Done it on a number of occasions with two of us driving

Swansea - Port Grimoud

Day 1 cross Dover Calais approx 1200 drive till appprox 8 local using toll roads.

Stop Autoroute rest area (Filling station).

Leave 8 ish arrive Pt Grimoud 1600 ish

Wups


----------



## 91502 (May 1, 2005)

Hi
We have done this several times a year for some time now.
Calais to St Tropez 770 miles. 
First day down to Dover then cross over lunch time and continue on to just south of Reims for about 4pm. 
Second day Somewhere around Orange then St Tropez and Pampalone beach for Lunch on the third day. 
But beware, were just back and last week we were paying £50 for a round of drinks for 4 of us on the beach.
JP


----------



## chinock (Feb 6, 2009)

*st tropez*

I think ive bit off a bit more than i can chew.
Im getting the ferry 10pm friday the 14th i was hoping to be there for 1pm on Saturday oh well maybe 1pm sunday is more realistic


----------



## 91502 (May 1, 2005)

chinok 
I would recommend straight off the ferry and get your head down in the motorhome carpark at the cite d'europe only 5 mins away. 
8am grab some breakfast in the supermarket then off you go. 
Last week it was 34 at 9 in the evening so enjoy. 
JP


----------



## teemyob (Nov 22, 2005)

*Re: st tropez*



chinock said:


> I think ive bit off a bit more than i can chew.
> Im getting the ferry 10pm friday the 14th i was hoping to be there for 1pm on Saturday oh well maybe 1pm sunday is more realistic


Realistic, Maybe teatime Sunday.


----------



## teemyob (Nov 22, 2005)

[quote="JP"But beware, were just back and last week we were paying £50 for a round of drinks for 4 of us on the beach.
JP[/quote]

And I bet you only had four large beers?

Advice, if you are going to the beach, take your own drinks. If you want to drink out, have a driver handy or stay near a back street bar. A beer will set you 1/4 of that.


----------



## 126598 (Aug 5, 2009)

You can get down to the Med in 2 days, out of necessity I did it in just over 24 hours by dint of stopping at around 20h00 on day 1 and setting off early next morning, but it wasn't much fun and I wouldn't like to do it again.

Going via Millau I found the gradients awfully steep (but then my van is elderly), spent a lot of time in 3rd going up and got a bit scared coming down the twisty bits in strong winds.
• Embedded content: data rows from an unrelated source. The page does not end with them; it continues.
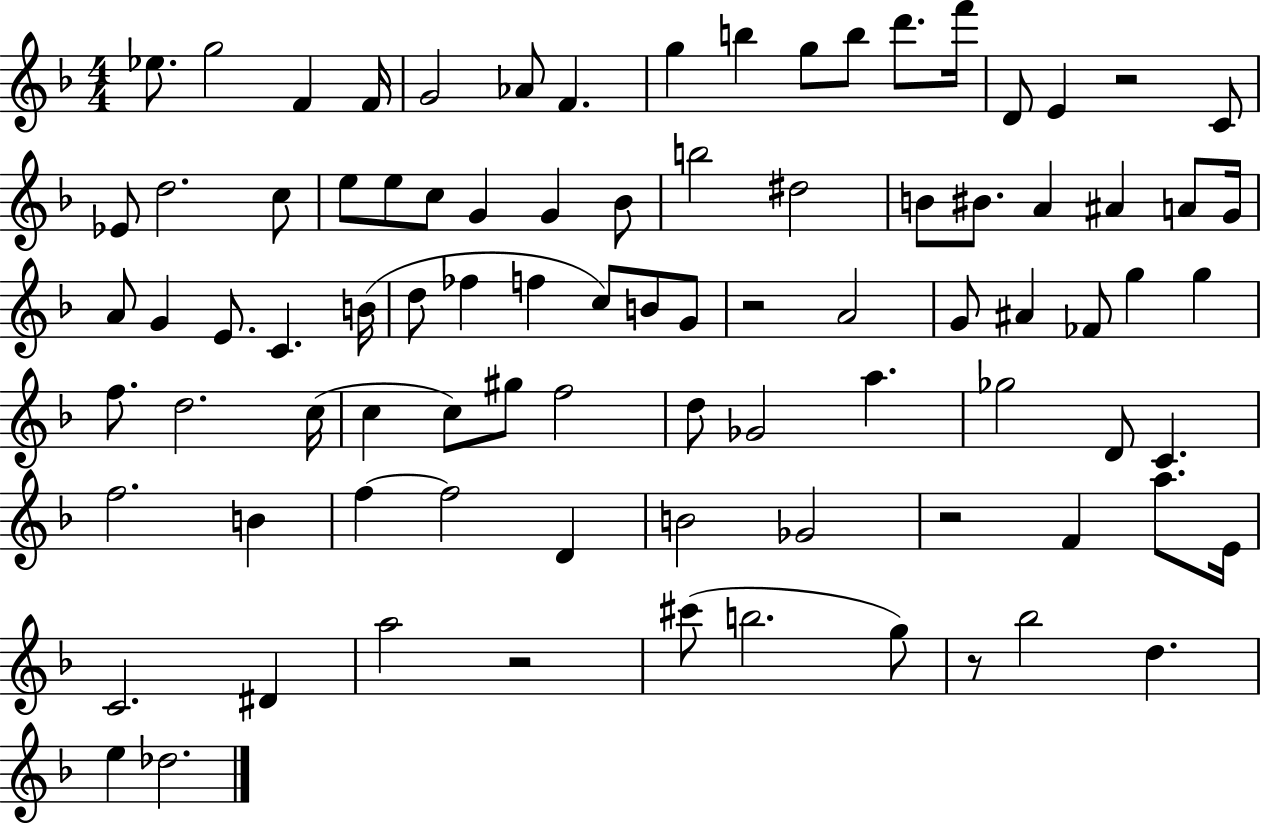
Eb5/e. G5/h F4/q F4/s G4/h Ab4/e F4/q. G5/q B5/q G5/e B5/e D6/e. F6/s D4/e E4/q R/h C4/e Eb4/e D5/h. C5/e E5/e E5/e C5/e G4/q G4/q Bb4/e B5/h D#5/h B4/e BIS4/e. A4/q A#4/q A4/e G4/s A4/e G4/q E4/e. C4/q. B4/s D5/e FES5/q F5/q C5/e B4/e G4/e R/h A4/h G4/e A#4/q FES4/e G5/q G5/q F5/e. D5/h. C5/s C5/q C5/e G#5/e F5/h D5/e Gb4/h A5/q. Gb5/h D4/e C4/q. F5/h. B4/q F5/q F5/h D4/q B4/h Gb4/h R/h F4/q A5/e. E4/s C4/h. D#4/q A5/h R/h C#6/e B5/h. G5/e R/e Bb5/h D5/q. E5/q Db5/h.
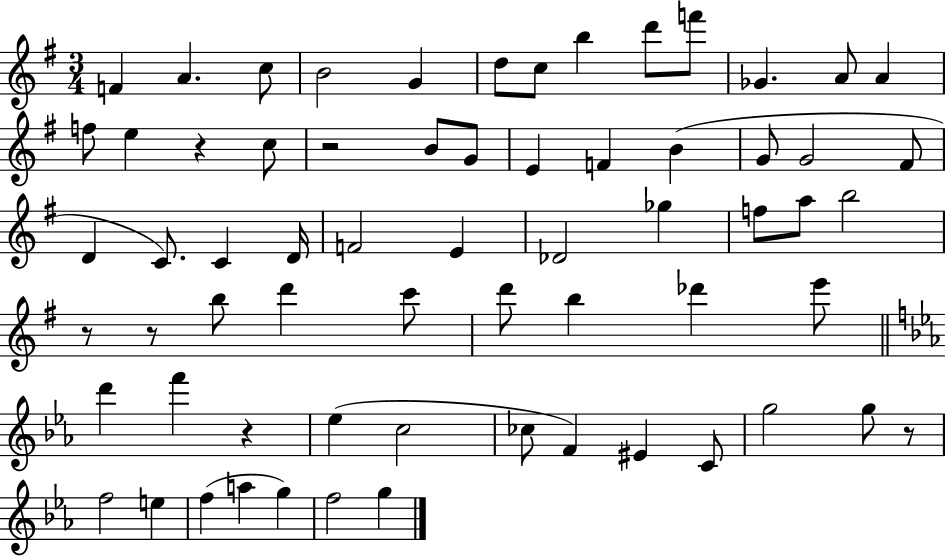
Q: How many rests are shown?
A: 6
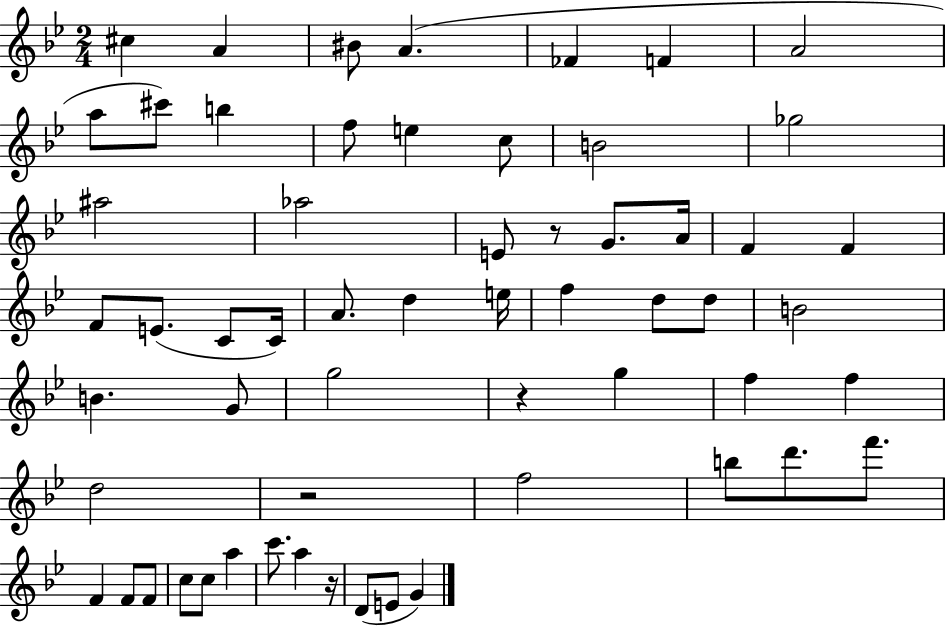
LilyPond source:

{
  \clef treble
  \numericTimeSignature
  \time 2/4
  \key bes \major
  cis''4 a'4 | bis'8 a'4.( | fes'4 f'4 | a'2 | \break a''8 cis'''8) b''4 | f''8 e''4 c''8 | b'2 | ges''2 | \break ais''2 | aes''2 | e'8 r8 g'8. a'16 | f'4 f'4 | \break f'8 e'8.( c'8 c'16) | a'8. d''4 e''16 | f''4 d''8 d''8 | b'2 | \break b'4. g'8 | g''2 | r4 g''4 | f''4 f''4 | \break d''2 | r2 | f''2 | b''8 d'''8. f'''8. | \break f'4 f'8 f'8 | c''8 c''8 a''4 | c'''8. a''4 r16 | d'8( e'8 g'4) | \break \bar "|."
}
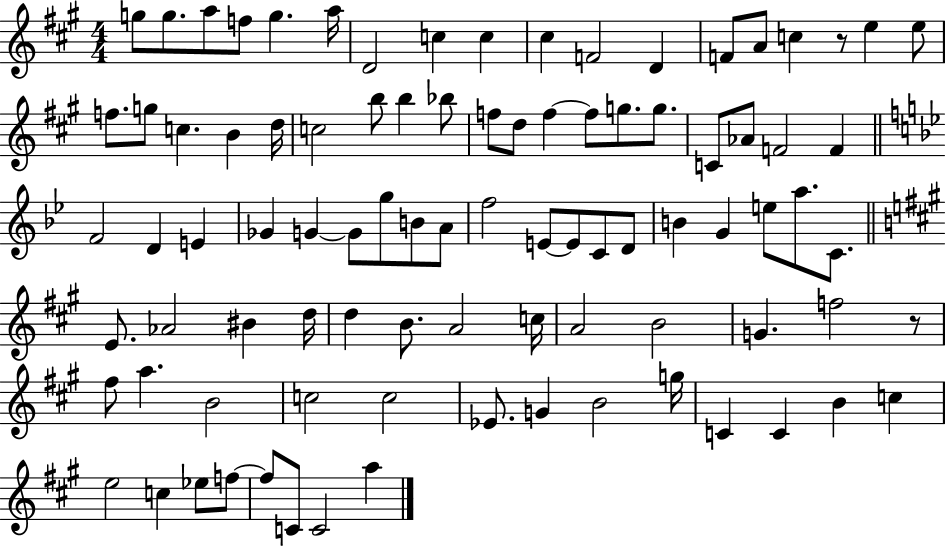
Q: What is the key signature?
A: A major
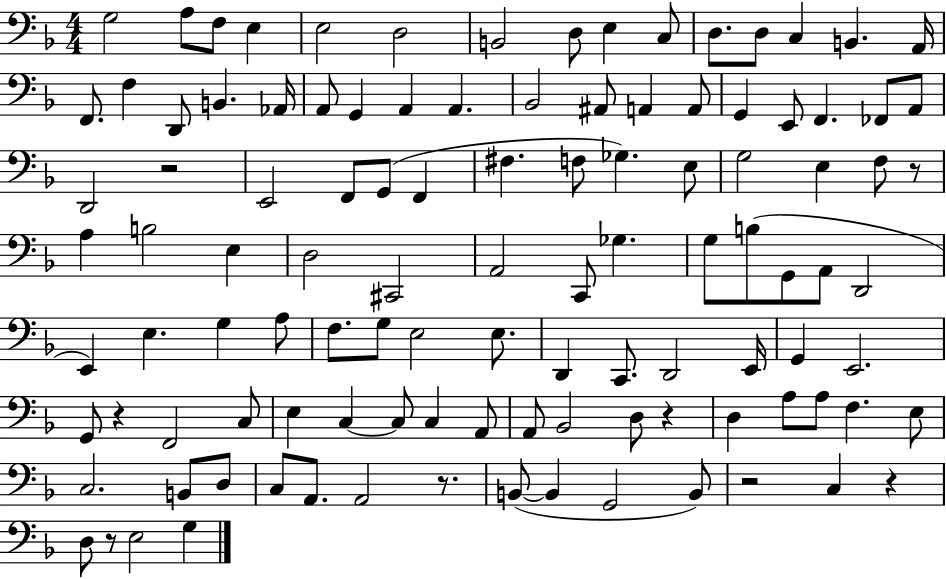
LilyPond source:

{
  \clef bass
  \numericTimeSignature
  \time 4/4
  \key f \major
  g2 a8 f8 e4 | e2 d2 | b,2 d8 e4 c8 | d8. d8 c4 b,4. a,16 | \break f,8. f4 d,8 b,4. aes,16 | a,8 g,4 a,4 a,4. | bes,2 ais,8 a,4 a,8 | g,4 e,8 f,4. fes,8 a,8 | \break d,2 r2 | e,2 f,8 g,8( f,4 | fis4. f8 ges4.) e8 | g2 e4 f8 r8 | \break a4 b2 e4 | d2 cis,2 | a,2 c,8 ges4. | g8 b8( g,8 a,8 d,2 | \break e,4) e4. g4 a8 | f8. g8 e2 e8. | d,4 c,8. d,2 e,16 | g,4 e,2. | \break g,8 r4 f,2 c8 | e4 c4~~ c8 c4 a,8 | a,8 bes,2 d8 r4 | d4 a8 a8 f4. e8 | \break c2. b,8 d8 | c8 a,8. a,2 r8. | b,8~(~ b,4 g,2 b,8) | r2 c4 r4 | \break d8 r8 e2 g4 | \bar "|."
}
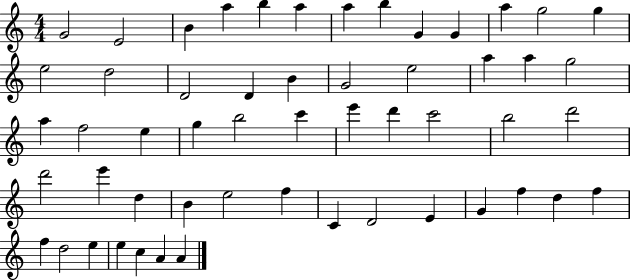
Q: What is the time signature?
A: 4/4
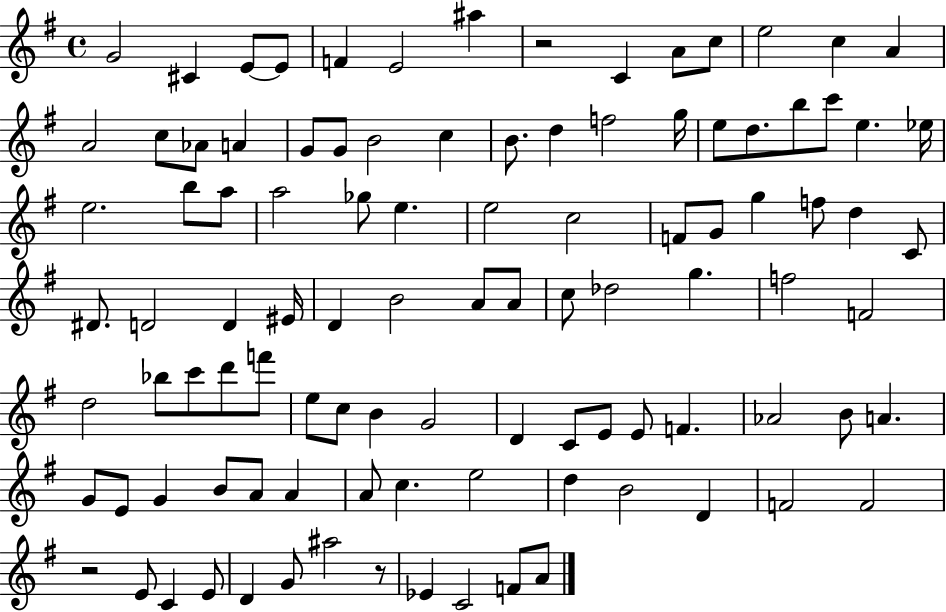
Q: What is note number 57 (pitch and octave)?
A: F5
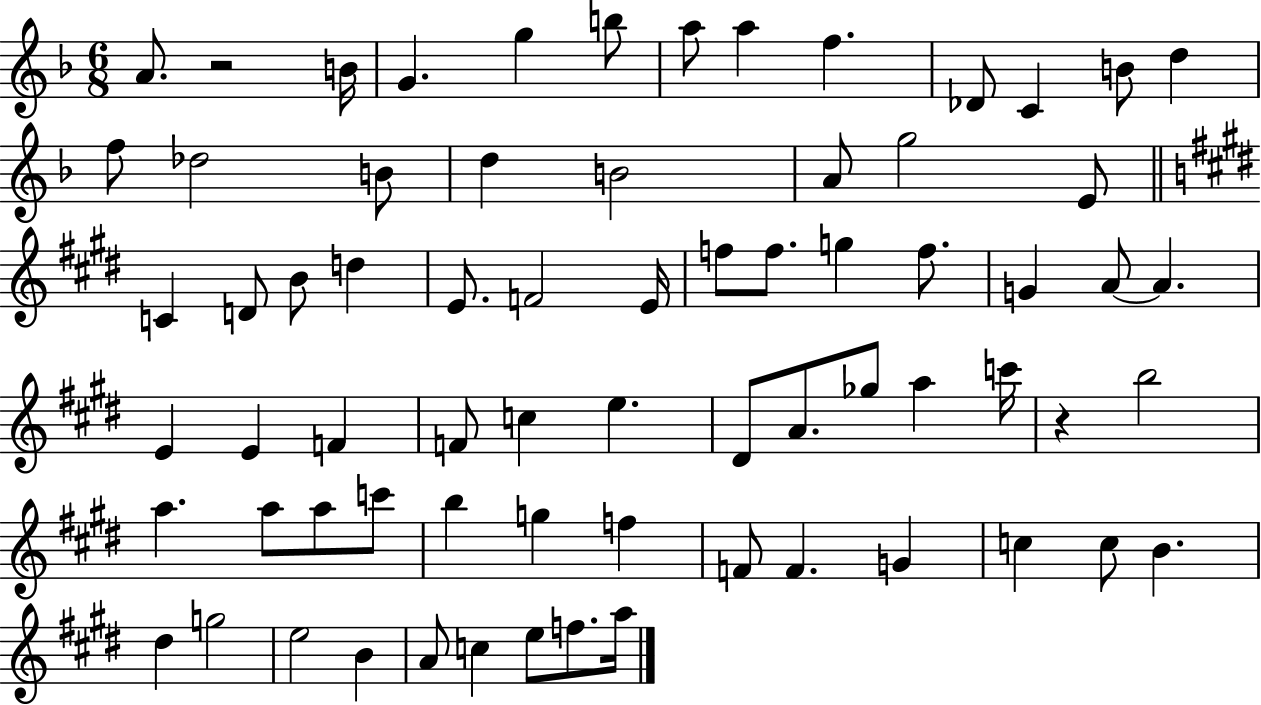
A4/e. R/h B4/s G4/q. G5/q B5/e A5/e A5/q F5/q. Db4/e C4/q B4/e D5/q F5/e Db5/h B4/e D5/q B4/h A4/e G5/h E4/e C4/q D4/e B4/e D5/q E4/e. F4/h E4/s F5/e F5/e. G5/q F5/e. G4/q A4/e A4/q. E4/q E4/q F4/q F4/e C5/q E5/q. D#4/e A4/e. Gb5/e A5/q C6/s R/q B5/h A5/q. A5/e A5/e C6/e B5/q G5/q F5/q F4/e F4/q. G4/q C5/q C5/e B4/q. D#5/q G5/h E5/h B4/q A4/e C5/q E5/e F5/e. A5/s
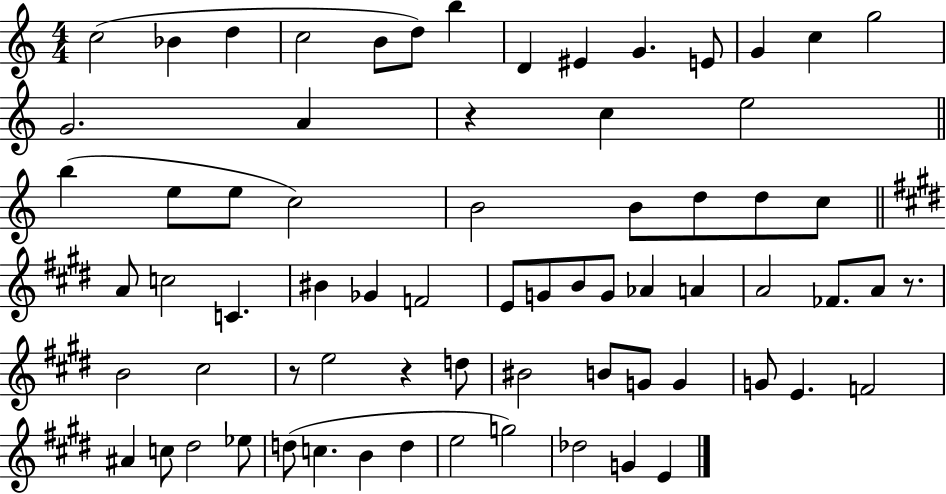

But the Millau bridge is really something.

Much more enjoyable coming back up via Bordeaux - Poitiers, gradients far gentler. I was heading to Caen and did a mixture of autoroute and not, went along the coast and stayed at Narbonne, then set off northwards and took it easy and stopped at Castelsarassin (free aire by canal), then Cadillac (free aire, lovely little old picturesque town just outside Bordeaux, market Sat morning), then St Jean d'Angely (free aire by river in park, free swimming pool, would have been excellent if I hadnt gone and parked right next to the Skate Park which the skateboarders decided to come and do a bit of late night exercise, doh) St Clement des Levees near Saumur (small aire right next to the, again free).


----------



## vicdicdoc (May 14, 2005)

*Re: st tropez*



chinock said:


> I think ive bit off a bit more than i can chew.
> Im getting the ferry 10pm friday the 14th i was hoping to be there for 1pm on S
> 
> Your gonna be awfully tired if you try to stick to that timetable :hathat31: Anyway there are far better places than St Trop !


----------



## SidT (May 9, 2005)

Hi Chinock. We hope to be doing the same trip early September, We usually do the same trip as Trevor (Teemyob) via Reims,Troyes etc. but we won't be using autoroutes except the free parts as its far too expensive, Trevor can probably give you some idea of the total cost as I think he uses the peages.
Cheers Sid


----------